*This article provides a guide for selection of the appropriate statistical test for different types of data. Examples are given to demonstrate how the guide works. This is an ideal read for a beginning researcher.*

One of the difficulties encountered by many of my students in the advanced statistics course is how to choose the appropriate statistical test for their specific problem statement. In fact, I had this difficulty too when I started analyzing data for graduate students more than 15 years ago.

The computation part is easy as there are a lot of statistical software applications available, as stand-alone applications, or part of the common spreadsheet applications such as Microsoft Excel. If you really want to save money and is a Linux user, Gnumeric is an open source statistical application software that performs as well as MS Excel. I discovered this free application when I decided to use Ubuntu Linux as my primary operating system. The main reason for the switch was my exasperation with having to spend much time, as well as money for antivirus subscriptions, in an effort to remove persistent windows viruses.
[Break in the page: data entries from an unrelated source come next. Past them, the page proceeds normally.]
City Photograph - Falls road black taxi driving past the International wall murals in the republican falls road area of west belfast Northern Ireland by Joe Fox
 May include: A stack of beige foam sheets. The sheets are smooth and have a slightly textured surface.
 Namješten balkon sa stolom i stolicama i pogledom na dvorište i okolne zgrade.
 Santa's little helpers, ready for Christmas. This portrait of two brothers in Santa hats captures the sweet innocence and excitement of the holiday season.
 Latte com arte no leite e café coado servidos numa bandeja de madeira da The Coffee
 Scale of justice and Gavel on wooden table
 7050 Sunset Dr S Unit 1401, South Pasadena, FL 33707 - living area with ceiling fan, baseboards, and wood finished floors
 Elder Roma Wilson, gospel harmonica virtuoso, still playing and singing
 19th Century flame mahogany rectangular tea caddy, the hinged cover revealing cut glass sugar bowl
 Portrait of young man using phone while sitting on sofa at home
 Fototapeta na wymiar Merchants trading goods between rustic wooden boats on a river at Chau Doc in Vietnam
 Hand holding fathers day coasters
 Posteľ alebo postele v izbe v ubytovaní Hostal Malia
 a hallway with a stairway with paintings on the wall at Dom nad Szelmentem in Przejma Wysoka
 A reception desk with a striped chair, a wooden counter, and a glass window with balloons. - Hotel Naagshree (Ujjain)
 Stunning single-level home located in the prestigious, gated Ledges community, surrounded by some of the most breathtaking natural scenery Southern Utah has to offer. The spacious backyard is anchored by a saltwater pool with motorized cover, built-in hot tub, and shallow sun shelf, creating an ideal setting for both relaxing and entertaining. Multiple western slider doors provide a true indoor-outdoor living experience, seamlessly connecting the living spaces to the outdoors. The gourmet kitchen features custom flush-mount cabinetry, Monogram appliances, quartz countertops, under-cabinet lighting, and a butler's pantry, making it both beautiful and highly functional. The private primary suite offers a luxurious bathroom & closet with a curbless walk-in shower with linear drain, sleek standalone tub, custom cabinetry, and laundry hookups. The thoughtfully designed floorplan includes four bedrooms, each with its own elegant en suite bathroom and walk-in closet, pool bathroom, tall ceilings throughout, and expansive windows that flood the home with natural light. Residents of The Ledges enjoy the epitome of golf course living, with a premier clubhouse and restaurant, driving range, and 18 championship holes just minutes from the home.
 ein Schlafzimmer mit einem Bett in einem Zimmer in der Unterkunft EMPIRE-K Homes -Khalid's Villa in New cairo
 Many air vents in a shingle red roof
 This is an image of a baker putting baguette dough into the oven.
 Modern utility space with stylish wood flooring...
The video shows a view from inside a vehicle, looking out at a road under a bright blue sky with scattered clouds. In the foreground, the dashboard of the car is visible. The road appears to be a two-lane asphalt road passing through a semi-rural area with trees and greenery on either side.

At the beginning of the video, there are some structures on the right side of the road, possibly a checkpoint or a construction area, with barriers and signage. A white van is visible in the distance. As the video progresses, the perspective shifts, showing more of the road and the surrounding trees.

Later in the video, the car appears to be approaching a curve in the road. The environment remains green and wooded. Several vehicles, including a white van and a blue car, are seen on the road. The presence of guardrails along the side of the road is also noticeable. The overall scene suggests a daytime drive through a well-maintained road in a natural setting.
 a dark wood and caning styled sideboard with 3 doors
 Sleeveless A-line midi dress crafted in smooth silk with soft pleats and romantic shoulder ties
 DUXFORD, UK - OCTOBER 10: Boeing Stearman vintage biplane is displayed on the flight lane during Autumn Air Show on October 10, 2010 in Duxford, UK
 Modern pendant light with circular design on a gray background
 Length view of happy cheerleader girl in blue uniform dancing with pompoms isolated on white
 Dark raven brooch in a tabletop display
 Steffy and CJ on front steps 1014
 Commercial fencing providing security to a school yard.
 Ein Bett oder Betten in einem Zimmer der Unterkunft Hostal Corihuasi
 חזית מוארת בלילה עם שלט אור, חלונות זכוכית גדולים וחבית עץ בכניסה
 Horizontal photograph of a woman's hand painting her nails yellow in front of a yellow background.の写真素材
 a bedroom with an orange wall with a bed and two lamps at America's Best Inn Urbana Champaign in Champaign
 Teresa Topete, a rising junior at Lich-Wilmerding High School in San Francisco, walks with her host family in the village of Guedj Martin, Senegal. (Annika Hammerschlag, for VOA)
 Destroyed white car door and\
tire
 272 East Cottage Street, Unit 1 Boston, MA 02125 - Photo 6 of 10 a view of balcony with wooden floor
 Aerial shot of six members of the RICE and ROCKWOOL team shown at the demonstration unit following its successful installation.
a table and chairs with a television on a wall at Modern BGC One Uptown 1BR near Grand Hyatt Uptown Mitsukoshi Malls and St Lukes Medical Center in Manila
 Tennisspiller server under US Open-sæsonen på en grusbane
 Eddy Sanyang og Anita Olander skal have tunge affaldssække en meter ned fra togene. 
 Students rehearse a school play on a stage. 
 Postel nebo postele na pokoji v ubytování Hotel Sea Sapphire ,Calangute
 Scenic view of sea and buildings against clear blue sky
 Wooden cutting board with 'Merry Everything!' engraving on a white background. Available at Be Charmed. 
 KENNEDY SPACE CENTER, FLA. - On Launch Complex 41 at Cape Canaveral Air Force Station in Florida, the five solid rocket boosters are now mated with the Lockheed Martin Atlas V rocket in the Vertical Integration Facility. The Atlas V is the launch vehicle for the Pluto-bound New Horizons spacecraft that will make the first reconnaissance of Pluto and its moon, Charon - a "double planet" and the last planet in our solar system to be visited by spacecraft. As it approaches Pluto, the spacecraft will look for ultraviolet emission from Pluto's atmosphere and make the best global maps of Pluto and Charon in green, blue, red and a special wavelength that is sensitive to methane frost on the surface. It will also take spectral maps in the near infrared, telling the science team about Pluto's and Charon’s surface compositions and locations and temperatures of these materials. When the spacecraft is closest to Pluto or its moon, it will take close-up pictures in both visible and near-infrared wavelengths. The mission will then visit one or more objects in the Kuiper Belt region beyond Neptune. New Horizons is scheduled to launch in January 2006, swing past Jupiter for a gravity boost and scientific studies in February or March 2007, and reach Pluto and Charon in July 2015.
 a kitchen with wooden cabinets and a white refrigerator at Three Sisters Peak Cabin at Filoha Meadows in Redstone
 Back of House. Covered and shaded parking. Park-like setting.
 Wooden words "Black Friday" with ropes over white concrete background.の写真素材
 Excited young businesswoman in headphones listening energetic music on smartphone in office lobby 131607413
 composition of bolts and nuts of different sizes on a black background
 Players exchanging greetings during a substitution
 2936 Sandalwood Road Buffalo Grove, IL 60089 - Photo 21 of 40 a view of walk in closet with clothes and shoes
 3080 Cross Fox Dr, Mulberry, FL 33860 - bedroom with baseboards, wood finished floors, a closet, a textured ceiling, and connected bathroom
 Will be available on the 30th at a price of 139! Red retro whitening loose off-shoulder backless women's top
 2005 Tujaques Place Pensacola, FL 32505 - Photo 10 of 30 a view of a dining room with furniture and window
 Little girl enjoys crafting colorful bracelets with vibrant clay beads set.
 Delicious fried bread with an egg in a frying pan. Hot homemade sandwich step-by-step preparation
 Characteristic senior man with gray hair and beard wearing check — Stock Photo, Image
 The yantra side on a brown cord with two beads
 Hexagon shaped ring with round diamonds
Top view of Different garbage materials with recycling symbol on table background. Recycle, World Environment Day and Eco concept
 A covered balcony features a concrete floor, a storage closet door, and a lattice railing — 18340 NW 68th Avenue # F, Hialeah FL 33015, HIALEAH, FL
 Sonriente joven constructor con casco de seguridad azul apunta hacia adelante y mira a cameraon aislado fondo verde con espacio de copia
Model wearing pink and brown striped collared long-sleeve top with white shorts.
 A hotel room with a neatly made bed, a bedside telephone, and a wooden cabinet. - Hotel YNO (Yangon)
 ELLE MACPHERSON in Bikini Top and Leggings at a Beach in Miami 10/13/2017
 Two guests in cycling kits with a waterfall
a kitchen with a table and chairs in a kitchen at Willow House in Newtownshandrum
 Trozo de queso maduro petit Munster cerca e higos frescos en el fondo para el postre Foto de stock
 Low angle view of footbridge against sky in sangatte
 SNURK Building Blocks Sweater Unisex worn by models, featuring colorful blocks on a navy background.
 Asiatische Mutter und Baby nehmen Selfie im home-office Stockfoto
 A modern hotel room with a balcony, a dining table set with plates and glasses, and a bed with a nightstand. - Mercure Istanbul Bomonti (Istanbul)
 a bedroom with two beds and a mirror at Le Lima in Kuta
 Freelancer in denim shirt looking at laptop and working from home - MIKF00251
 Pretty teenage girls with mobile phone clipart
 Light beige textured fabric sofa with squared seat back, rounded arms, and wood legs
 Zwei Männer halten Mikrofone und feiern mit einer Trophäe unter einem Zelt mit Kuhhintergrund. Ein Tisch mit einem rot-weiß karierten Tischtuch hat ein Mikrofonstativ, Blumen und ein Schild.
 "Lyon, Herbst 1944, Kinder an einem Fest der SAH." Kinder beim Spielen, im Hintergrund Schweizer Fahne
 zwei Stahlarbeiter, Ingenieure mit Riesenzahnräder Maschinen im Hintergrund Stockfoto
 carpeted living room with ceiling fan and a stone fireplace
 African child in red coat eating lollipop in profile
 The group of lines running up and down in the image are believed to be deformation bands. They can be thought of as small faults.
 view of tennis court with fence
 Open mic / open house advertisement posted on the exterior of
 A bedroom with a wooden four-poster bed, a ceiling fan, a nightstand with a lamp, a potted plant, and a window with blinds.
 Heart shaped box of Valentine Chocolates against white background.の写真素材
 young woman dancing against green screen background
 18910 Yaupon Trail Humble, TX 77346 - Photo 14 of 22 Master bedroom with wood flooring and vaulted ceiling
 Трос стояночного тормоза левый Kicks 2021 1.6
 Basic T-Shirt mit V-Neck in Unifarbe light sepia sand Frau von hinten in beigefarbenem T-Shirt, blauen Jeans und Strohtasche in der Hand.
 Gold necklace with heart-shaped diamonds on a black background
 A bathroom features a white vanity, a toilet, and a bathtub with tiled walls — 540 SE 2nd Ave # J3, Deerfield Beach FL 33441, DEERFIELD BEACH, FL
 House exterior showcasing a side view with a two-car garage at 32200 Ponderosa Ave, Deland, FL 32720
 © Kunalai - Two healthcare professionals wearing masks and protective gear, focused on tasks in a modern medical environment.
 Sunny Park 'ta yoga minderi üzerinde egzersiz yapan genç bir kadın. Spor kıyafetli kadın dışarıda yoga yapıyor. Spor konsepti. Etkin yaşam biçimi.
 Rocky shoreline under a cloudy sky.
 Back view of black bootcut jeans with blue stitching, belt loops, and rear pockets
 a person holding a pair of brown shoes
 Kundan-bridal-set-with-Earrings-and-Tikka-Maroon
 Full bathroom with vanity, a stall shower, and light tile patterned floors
Back to the issue of identifying the appropriate statistical test, I would say that experience counts a lot. But this is not the only basis for judging which statistical test is best for a particular research question, i.e., those that require statistical analysis. A guide on the appropriate statistical test for certain types of variables can steer you towards the right direction.

### Guide to Statistical Test Selection

Table 1 below shows what statistical test should be applied whenever you analyze variables measurable by a certain type of measurement scale. You should be familiar with the different types of data in order to use this guide. If not, you need to read the 4 Statistical Scales of Measurement first before you can effectively use the table.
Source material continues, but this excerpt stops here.